» **Activity**
You are asked to repeat the listing word for word and to leave out its pictures.

» **Data for analysis**
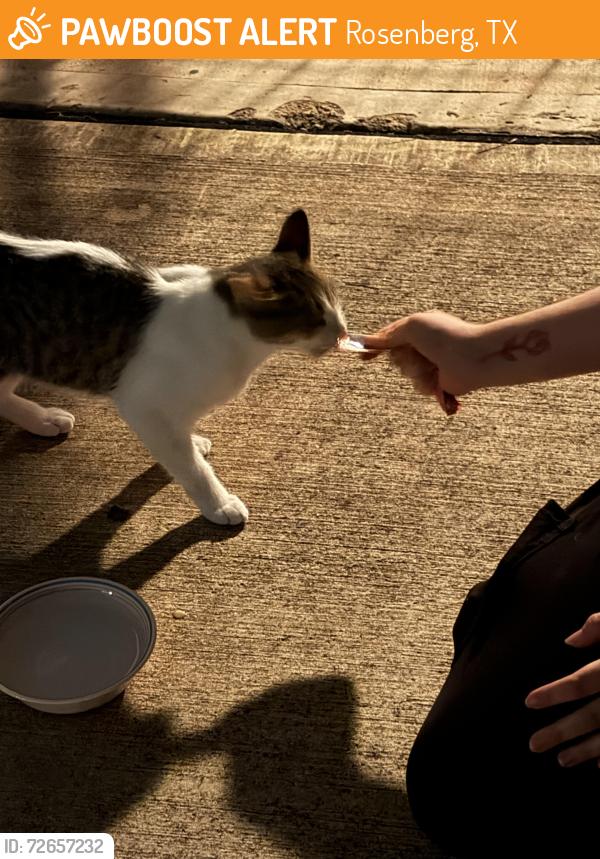 Found/Stray Unknown Cat last seen Kingdom Heights new construction-Dark Lantern , Rosenberg, TX 77471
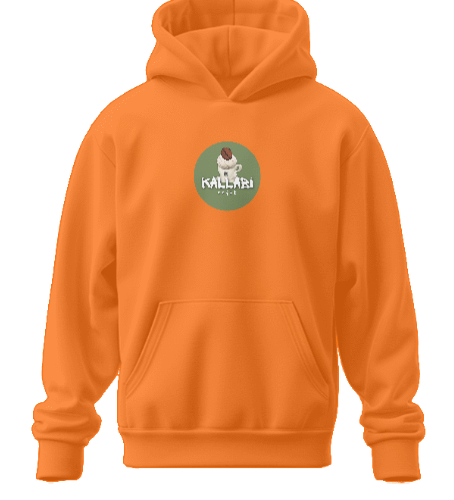 Tasarlanabilir Oversize Hoodie Premium Kalite (Özelleştirilmiş)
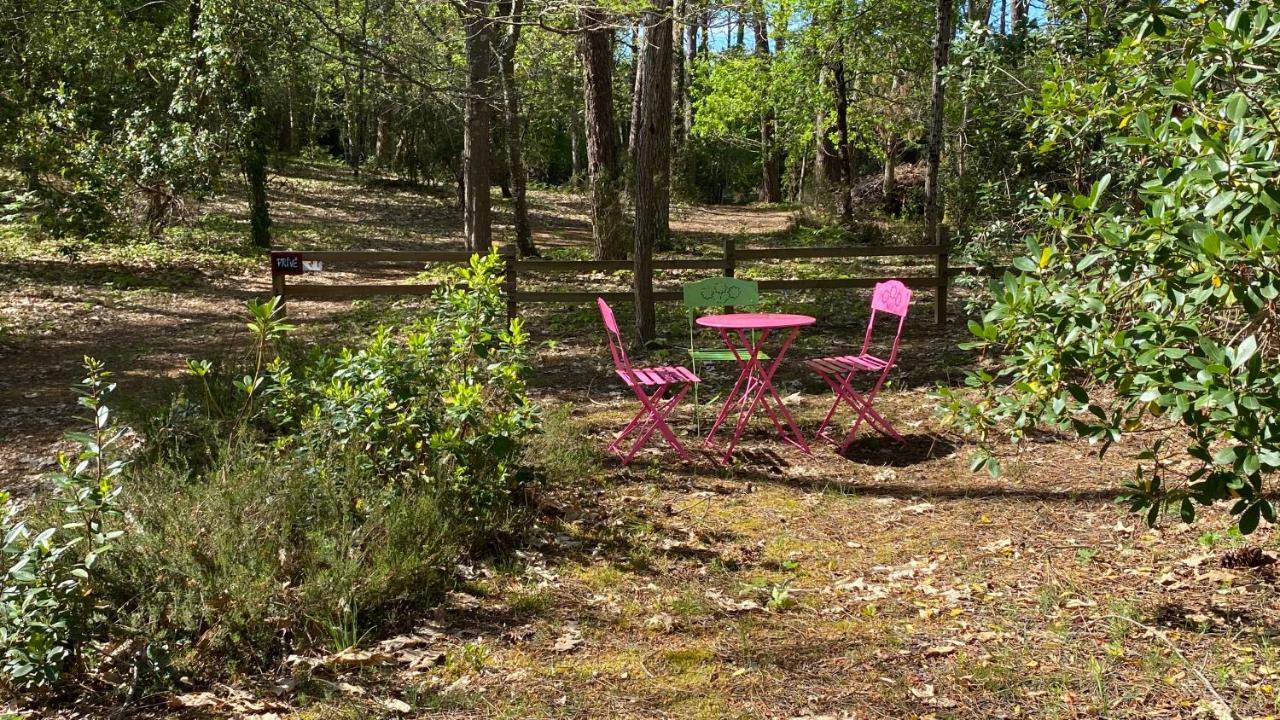 Villa Le Petit Poulailler Au Beau Milieu Des Pins Lacanau Exterior foto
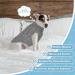Cozy Winter Dog Sweater - Knitted Turtleneck for Small & Medium Dogs & Cats | Warm Gray Pet Pullover - Buy Online on GoSupps.com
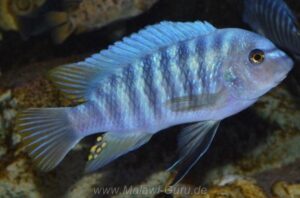 Labeotropheus fuelleborni 'Chimwalani Reef'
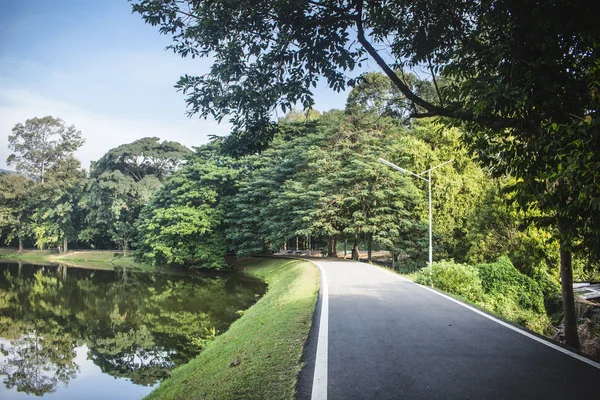 Vista pacífica da estrada de asfalto entre árvores lindas e lago, em dia ensolarado. Em Chiang Mai, Tailândia . — Fotografia de Stock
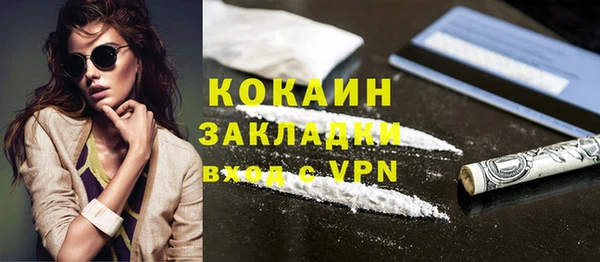 шишки Белоозёрский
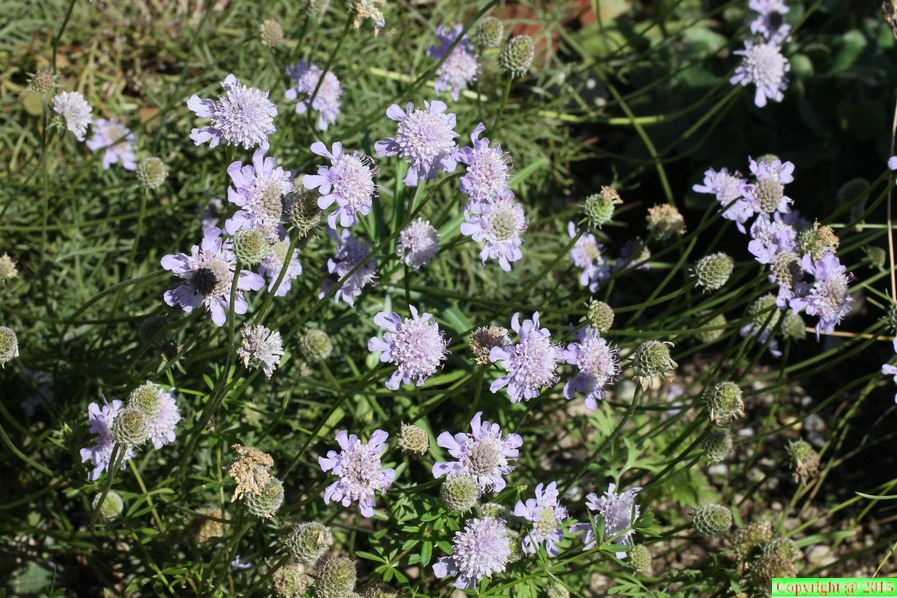 Scabiosa canescens ,cult: a lully-16:09:2012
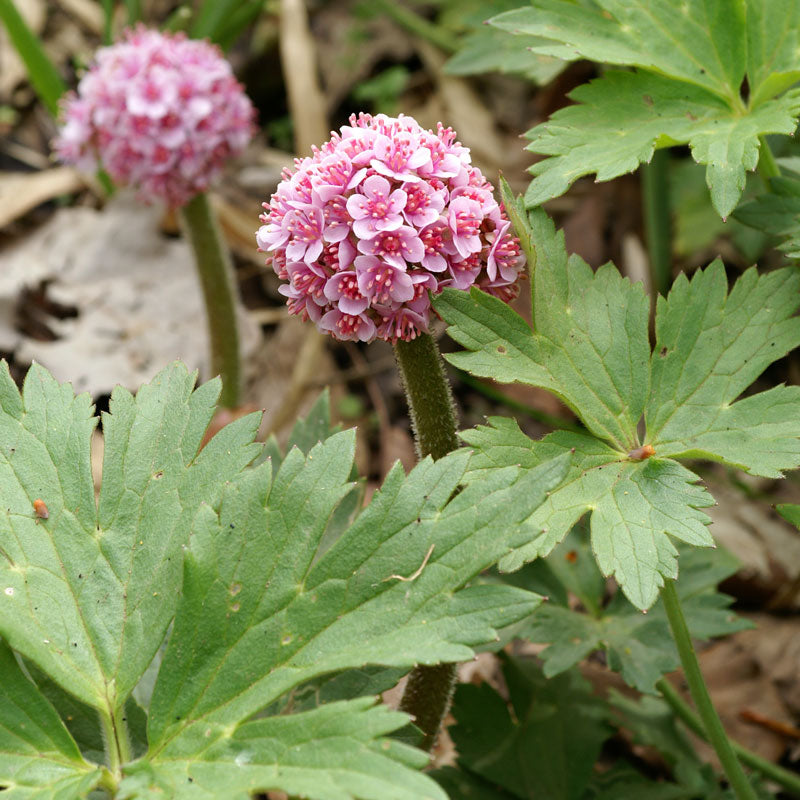 Le darmera 'Peltata' est résistant aux cerfs et aux lapins.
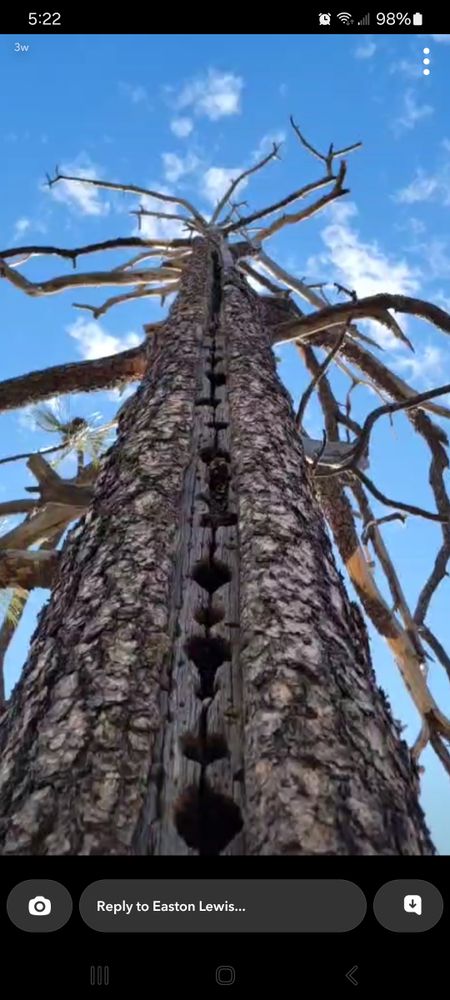 All Photos for StockPro Tree Specialists in Show Low, AZ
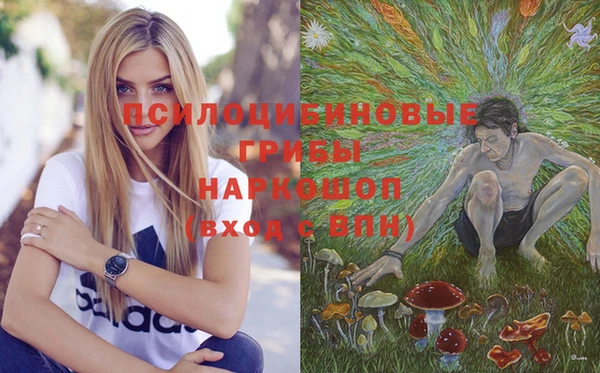 гашик Белоозёрский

» **Task solution**
 Found/Stray Unknown Cat last seen Kingdom Heights new construction-Dark Lantern , Rosenberg, TX 77471
 Tasarlanabilir Oversize Hoodie Premium Kalite (Özelleştirilmiş)
 Villa Le Petit Poulailler Au Beau Milieu Des Pins Lacanau Exterior foto
Cozy Winter Dog Sweater - Knitted Turtleneck for Small & Medium Dogs & Cats | Warm Gray Pet Pullover - Buy Online on GoSupps.com
 Labeotropheus fuelleborni 'Chimwalani Reef'
 Vista pacífica da estrada de asfalto entre árvores lindas e lago, em dia ensolarado. Em Chiang Mai, Tailândia . — Fotografia de Stock
 шишки Белоозёрский
 Scabiosa canescens ,cult: a lully-16:09:2012
 Le darmera 'Peltata' est résistant aux cerfs et aux lapins.
 All Photos for StockPro Tree Specialists in Show Low, AZ
 гашик Белоозёрский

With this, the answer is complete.